New bill threatens gun owners with juvenile criminal record

Rep. Steve Israel (D-NY) introduced a bill on the House floor that would limit those with a juvenile criminal record from ever owning a firearm. (Photo: Evan Vucci, AP)

Rep. Steve Israel (D-NY) introduced a bill on the House floor that would limit those with a juvenile criminal record from ever owning a firearm. (Photo: Evan Vucci, AP)

A new bill hit the House floor late last week that would affect potential gun owners with a prior, juvenile criminal record.

The bill, H.R. 6052, introduced by Rep.
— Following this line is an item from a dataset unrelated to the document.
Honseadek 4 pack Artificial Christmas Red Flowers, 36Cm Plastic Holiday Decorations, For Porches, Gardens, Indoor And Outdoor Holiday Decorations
Steve Israel (D-NY) to the House Committee on the Judiciary would amend the federal firearms code to “prohibit possession of a firearm by persons adjudicated to committed violent juvenile acts.”

Under current federal firearms code, adults previously convicted of a juvenile violent act — physical violence, burglary, arson, extortion— in which they would have received a sentence of one year or more are prohibited from purchasing a gun under the code.

The proposed bill would ditch the one year requirement, meaning that any juvenile violent offense would prevent individuals from future gun ownership.

Under the federal process, minors attend adjudicated hearings in front of a judge in lieu of a trial before their peers. Depending on the specifics of a case, juvenile records can be sealed or expunged once the individual meets set-forth conditions and turns 18. If erased, it’s as if the arrest never happened and individuals may legally buy, possess and carry firearms in adulthood as they are no longer considered felons.

Israel, who holds a ‘F’ rating with the National Rifle Association, previously supported other gun control legislation, targeting 3D gun printing. In 2013, he attempted to add verbiage to the Undetectable Firearms Act that would eliminate fully plastic 3D guns. His addition did not pass.

The congressman also participated in the much-publicized Democratic sit-in back in June. The sit-in sought to force Republicans into precluding gun ownership for Americans placed on the Transportation Security Administration’s no-fly list.

“House Republicans have absolutely no defense on the issue … and we intend to use every single tool in our toolbox to force and even shame House Republicans into making it harder for terrorists to kill Americans,” Israel told Politico during the sit-in.

Israel and his compatriots made little progress on the issue, eventually ending the sit-in.

Israel is on the tail end of his Congressional run, choosing to retire at the end of 2016 instead of vying for re-election.